• [What the exercise asks]
Output all of the data verbatim.

• [Provided information]

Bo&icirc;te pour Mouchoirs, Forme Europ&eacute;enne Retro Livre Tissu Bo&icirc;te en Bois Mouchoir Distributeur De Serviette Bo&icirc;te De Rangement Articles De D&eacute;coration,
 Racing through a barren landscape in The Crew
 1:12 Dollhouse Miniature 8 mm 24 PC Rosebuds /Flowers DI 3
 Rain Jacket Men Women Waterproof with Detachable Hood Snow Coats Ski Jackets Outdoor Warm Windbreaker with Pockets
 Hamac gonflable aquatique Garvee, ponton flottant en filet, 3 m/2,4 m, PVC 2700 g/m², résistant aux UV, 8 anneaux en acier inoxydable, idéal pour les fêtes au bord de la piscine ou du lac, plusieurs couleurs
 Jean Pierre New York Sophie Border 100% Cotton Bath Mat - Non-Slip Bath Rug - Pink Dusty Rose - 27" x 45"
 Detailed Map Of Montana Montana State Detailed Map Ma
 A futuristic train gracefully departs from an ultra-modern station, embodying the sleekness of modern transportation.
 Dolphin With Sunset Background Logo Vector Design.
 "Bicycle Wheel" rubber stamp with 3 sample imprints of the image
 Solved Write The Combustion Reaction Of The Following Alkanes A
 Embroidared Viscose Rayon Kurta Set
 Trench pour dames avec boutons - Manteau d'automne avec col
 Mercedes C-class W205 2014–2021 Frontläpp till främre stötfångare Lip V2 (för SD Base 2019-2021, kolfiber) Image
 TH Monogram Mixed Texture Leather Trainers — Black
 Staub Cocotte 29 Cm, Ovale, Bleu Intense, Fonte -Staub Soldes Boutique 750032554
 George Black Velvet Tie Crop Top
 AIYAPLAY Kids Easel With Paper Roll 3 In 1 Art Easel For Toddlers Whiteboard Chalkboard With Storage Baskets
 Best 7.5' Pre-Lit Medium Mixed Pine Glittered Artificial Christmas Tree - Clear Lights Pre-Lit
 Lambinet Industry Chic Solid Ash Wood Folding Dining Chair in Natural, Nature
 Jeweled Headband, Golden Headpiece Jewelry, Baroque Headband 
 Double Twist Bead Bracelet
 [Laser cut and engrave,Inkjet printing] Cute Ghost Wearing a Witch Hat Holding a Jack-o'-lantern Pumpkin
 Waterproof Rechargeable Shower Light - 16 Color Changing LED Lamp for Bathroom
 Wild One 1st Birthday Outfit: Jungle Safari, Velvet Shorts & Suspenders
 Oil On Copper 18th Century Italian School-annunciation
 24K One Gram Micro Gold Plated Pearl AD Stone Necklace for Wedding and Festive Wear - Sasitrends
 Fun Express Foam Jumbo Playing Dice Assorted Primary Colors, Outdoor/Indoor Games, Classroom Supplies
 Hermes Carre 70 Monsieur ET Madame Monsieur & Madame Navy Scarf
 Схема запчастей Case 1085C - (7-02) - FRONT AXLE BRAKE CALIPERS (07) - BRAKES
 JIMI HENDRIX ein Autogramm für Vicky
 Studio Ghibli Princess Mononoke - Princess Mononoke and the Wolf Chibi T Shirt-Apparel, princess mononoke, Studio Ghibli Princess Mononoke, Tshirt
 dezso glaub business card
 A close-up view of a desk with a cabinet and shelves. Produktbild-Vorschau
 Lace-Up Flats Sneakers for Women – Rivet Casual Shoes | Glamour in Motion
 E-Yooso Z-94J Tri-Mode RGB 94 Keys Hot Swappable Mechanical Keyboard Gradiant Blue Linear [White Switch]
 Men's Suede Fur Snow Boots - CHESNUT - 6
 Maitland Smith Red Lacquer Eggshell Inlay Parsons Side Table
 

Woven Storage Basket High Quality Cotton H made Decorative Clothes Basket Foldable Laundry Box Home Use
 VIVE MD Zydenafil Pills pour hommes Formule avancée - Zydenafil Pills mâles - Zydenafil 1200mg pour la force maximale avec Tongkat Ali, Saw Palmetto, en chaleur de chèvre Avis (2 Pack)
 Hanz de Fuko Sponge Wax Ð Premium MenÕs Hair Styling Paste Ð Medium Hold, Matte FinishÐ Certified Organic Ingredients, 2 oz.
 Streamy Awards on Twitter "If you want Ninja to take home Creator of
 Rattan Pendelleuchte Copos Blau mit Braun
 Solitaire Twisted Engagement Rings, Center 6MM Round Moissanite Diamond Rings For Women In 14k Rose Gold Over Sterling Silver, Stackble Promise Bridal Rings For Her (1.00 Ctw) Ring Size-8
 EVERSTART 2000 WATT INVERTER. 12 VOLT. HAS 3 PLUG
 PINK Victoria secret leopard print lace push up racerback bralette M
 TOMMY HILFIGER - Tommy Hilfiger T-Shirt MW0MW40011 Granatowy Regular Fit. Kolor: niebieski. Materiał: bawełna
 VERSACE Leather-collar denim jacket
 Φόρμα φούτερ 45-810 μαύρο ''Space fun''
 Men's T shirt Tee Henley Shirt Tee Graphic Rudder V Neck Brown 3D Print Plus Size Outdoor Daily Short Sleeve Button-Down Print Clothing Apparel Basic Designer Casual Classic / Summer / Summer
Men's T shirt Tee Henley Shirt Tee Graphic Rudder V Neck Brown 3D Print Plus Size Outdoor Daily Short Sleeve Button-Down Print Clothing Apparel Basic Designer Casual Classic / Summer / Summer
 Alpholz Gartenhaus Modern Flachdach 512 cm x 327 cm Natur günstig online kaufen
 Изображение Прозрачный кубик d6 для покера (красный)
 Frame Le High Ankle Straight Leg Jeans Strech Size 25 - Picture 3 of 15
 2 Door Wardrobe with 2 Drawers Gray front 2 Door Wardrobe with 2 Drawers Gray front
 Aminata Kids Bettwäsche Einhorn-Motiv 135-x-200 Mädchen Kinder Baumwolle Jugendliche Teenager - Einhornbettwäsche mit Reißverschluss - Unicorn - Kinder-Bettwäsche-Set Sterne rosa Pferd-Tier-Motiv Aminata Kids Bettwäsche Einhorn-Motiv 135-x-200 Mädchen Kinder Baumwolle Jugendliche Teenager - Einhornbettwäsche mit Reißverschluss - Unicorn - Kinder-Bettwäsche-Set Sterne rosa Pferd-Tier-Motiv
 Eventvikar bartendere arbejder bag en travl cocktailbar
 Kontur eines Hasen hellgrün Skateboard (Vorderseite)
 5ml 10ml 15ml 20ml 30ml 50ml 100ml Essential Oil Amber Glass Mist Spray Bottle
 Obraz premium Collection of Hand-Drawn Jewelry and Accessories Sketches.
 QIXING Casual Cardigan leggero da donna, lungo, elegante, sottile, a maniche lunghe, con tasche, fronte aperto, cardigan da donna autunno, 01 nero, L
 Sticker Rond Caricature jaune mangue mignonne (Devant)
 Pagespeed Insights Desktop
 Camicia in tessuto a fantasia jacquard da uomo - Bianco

• [Exercise answer]
Bo&icirc;te pour Mouchoirs, Forme Europ&eacute;enne Retro Livre Tissu Bo&icirc;te en Bois Mouchoir Distributeur De Serviette Bo&icirc;te De Rangement Articles De D&eacute;coration,
 Racing through a barren landscape in The Crew
 1:12 Dollhouse Miniature 8 mm 24 PC Rosebuds /Flowers DI 3
 Rain Jacket Men Women Waterproof with Detachable Hood Snow Coats Ski Jackets Outdoor Warm Windbreaker with Pockets
 Hamac gonflable aquatique Garvee, ponton flottant en filet, 3 m/2,4 m, PVC 2700 g/m², résistant aux UV, 8 anneaux en acier inoxydable, idéal pour les fêtes au bord de la piscine ou du lac, plusieurs couleurs
 Jean Pierre New York Sophie Border 100% Cotton Bath Mat - Non-Slip Bath Rug - Pink Dusty Rose - 27" x 45"
 Detailed Map Of Montana Montana State Detailed Map Ma
 A futuristic train gracefully departs from an ultra-modern station, embodying the sleekness of modern transportation.
 Dolphin With Sunset Background Logo Vector Design.
 "Bicycle Wheel" rubber stamp with 3 sample imprints of the image
 Solved Write The Combustion Reaction Of The Following Alkanes A
 Embroidared Viscose Rayon Kurta Set
 Trench pour dames avec boutons - Manteau d'automne avec col
 Mercedes C-class W205 2014–2021 Frontläpp till främre stötfångare Lip V2 (för SD Base 2019-2021, kolfiber) Image
 TH Monogram Mixed Texture Leather Trainers — Black
 Staub Cocotte 29 Cm, Ovale, Bleu Intense, Fonte -Staub Soldes Boutique 750032554
 George Black Velvet Tie Crop Top
 AIYAPLAY Kids Easel With Paper Roll 3 In 1 Art Easel For Toddlers Whiteboard Chalkboard With Storage Baskets
 Best 7.5' Pre-Lit Medium Mixed Pine Glittered Artificial Christmas Tree - Clear Lights Pre-Lit
 Lambinet Industry Chic Solid Ash Wood Folding Dining Chair in Natural, Nature
 Jeweled Headband, Golden Headpiece Jewelry, Baroque Headband 
 Double Twist Bead Bracelet
 [Laser cut and engrave,Inkjet printing] Cute Ghost Wearing a Witch Hat Holding a Jack-o'-lantern Pumpkin
 Waterproof Rechargeable Shower Light - 16 Color Changing LED Lamp for Bathroom
 Wild One 1st Birthday Outfit: Jungle Safari, Velvet Shorts & Suspenders
 Oil On Copper 18th Century Italian School-annunciation
 24K One Gram Micro Gold Plated Pearl AD Stone Necklace for Wedding and Festive Wear - Sasitrends
 Fun Express Foam Jumbo Playing Dice Assorted Primary Colors, Outdoor/Indoor Games, Classroom Supplies
 Hermes Carre 70 Monsieur ET Madame Monsieur & Madame Navy Scarf
 Схема запчастей Case 1085C - (7-02) - FRONT AXLE BRAKE CALIPERS (07) - BRAKES
 JIMI HENDRIX ein Autogramm für Vicky
 Studio Ghibli Princess Mononoke - Princess Mononoke and the Wolf Chibi T Shirt-Apparel, princess mononoke, Studio Ghibli Princess Mononoke, Tshirt
 dezso glaub business card
 A close-up view of a desk with a cabinet and shelves. Produktbild-Vorschau
 Lace-Up Flats Sneakers for Women – Rivet Casual Shoes | Glamour in Motion
 E-Yooso Z-94J Tri-Mode RGB 94 Keys Hot Swappable Mechanical Keyboard Gradiant Blue Linear [White Switch]
 Men's Suede Fur Snow Boots - CHESNUT - 6
 Maitland Smith Red Lacquer Eggshell Inlay Parsons Side Table
 

Woven Storage Basket High Quality Cotton H made Decorative Clothes Basket Foldable Laundry Box Home Use
 VIVE MD Zydenafil Pills pour hommes Formule avancée - Zydenafil Pills mâles - Zydenafil 1200mg pour la force maximale avec Tongkat Ali, Saw Palmetto, en chaleur de chèvre Avis (2 Pack)
 Hanz de Fuko Sponge Wax Ð Premium MenÕs Hair Styling Paste Ð Medium Hold, Matte FinishÐ Certified Organic Ingredients, 2 oz.
 Streamy Awards on Twitter "If you want Ninja to take home Creator of
 Rattan Pendelleuchte Copos Blau mit Braun
 Solitaire Twisted Engagement Rings, Center 6MM Round Moissanite Diamond Rings For Women In 14k Rose Gold Over Sterling Silver, Stackble Promise Bridal Rings For Her (1.00 Ctw) Ring Size-8
 EVERSTART 2000 WATT INVERTER. 12 VOLT. HAS 3 PLUG
 PINK Victoria secret leopard print lace push up racerback bralette M
 TOMMY HILFIGER - Tommy Hilfiger T-Shirt MW0MW40011 Granatowy Regular Fit. Kolor: niebieski. Materiał: bawełna
 VERSACE Leather-collar denim jacket
 Φόρμα φούτερ 45-810 μαύρο ''Space fun''
 Men's T shirt Tee Henley Shirt Tee Graphic Rudder V Neck Brown 3D Print Plus Size Outdoor Daily Short Sleeve Button-Down Print Clothing Apparel Basic Designer Casual Classic / Summer / Summer
Men's T shirt Tee Henley Shirt Tee Graphic Rudder V Neck Brown 3D Print Plus Size Outdoor Daily Short Sleeve Button-Down Print Clothing Apparel Basic Designer Casual Classic / Summer / Summer
 Alpholz Gartenhaus Modern Flachdach 512 cm x 327 cm Natur günstig online kaufen
 Изображение Прозрачный кубик d6 для покера (красный)
 Frame Le High Ankle Straight Leg Jeans Strech Size 25 - Picture 3 of 15
 2 Door Wardrobe with 2 Drawers Gray front 2 Door Wardrobe with 2 Drawers Gray front
 Aminata Kids Bettwäsche Einhorn-Motiv 135-x-200 Mädchen Kinder Baumwolle Jugendliche Teenager - Einhornbettwäsche mit Reißverschluss - Unicorn - Kinder-Bettwäsche-Set Sterne rosa Pferd-Tier-Motiv Aminata Kids Bettwäsche Einhorn-Motiv 135-x-200 Mädchen Kinder Baumwolle Jugendliche Teenager - Einhornbettwäsche mit Reißverschluss - Unicorn - Kinder-Bettwäsche-Set Sterne rosa Pferd-Tier-Motiv
 Eventvikar bartendere arbejder bag en travl cocktailbar
 Kontur eines Hasen hellgrün Skateboard (Vorderseite)
 5ml 10ml 15ml 20ml 30ml 50ml 100ml Essential Oil Amber Glass Mist Spray Bottle
 Obraz premium Collection of Hand-Drawn Jewelry and Accessories Sketches.
 QIXING Casual Cardigan leggero da donna, lungo, elegante, sottile, a maniche lunghe, con tasche, fronte aperto, cardigan da donna autunno, 01 nero, L
 Sticker Rond Caricature jaune mangue mignonne (Devant)
 Pagespeed Insights Desktop
 Camicia in tessuto a fantasia jacquard da uomo - Bianco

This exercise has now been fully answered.